Extracted records:
╭──

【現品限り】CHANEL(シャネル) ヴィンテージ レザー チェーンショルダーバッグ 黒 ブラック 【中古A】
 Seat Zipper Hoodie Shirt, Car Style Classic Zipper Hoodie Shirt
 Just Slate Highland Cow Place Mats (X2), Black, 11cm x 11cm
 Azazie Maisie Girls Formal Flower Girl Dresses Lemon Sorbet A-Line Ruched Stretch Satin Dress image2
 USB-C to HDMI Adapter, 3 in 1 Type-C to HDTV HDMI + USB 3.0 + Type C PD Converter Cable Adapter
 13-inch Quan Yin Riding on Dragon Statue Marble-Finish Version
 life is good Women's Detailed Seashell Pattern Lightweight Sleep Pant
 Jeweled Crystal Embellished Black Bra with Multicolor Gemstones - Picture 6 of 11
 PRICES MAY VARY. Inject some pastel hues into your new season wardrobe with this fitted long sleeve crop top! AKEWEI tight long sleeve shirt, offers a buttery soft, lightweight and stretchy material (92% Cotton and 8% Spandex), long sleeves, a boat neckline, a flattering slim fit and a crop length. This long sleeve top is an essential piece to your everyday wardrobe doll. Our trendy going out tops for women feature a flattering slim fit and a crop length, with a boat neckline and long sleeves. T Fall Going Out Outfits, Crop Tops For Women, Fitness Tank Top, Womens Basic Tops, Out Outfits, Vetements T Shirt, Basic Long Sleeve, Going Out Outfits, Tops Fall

╰──

• _Task description_
Among the lines of the data, find every one that holds "Shirt" and copy it.

• _Task answer_
 Seat Zipper Hoodie Shirt, Car Style Classic Zipper Hoodie Shirt
 PRICES MAY VARY. Inject some pastel hues into your new season wardrobe with this fitted long sleeve crop top! AKEWEI tight long sleeve shirt, offers a buttery soft, lightweight and stretchy material (92% Cotton and 8% Spandex), long sleeves, a boat neckline, a flattering slim fit and a crop length. This long sleeve top is an essential piece to your everyday wardrobe doll. Our trendy going out tops for women feature a flattering slim fit and a crop length, with a boat neckline and long sleeves. T Fall Going Out Outfits, Crop Tops For Women, Fitness Tank Top, Womens Basic Tops, Out Outfits, Vetements T Shirt, Basic Long Sleeve, Going Out Outfits, Tops Fall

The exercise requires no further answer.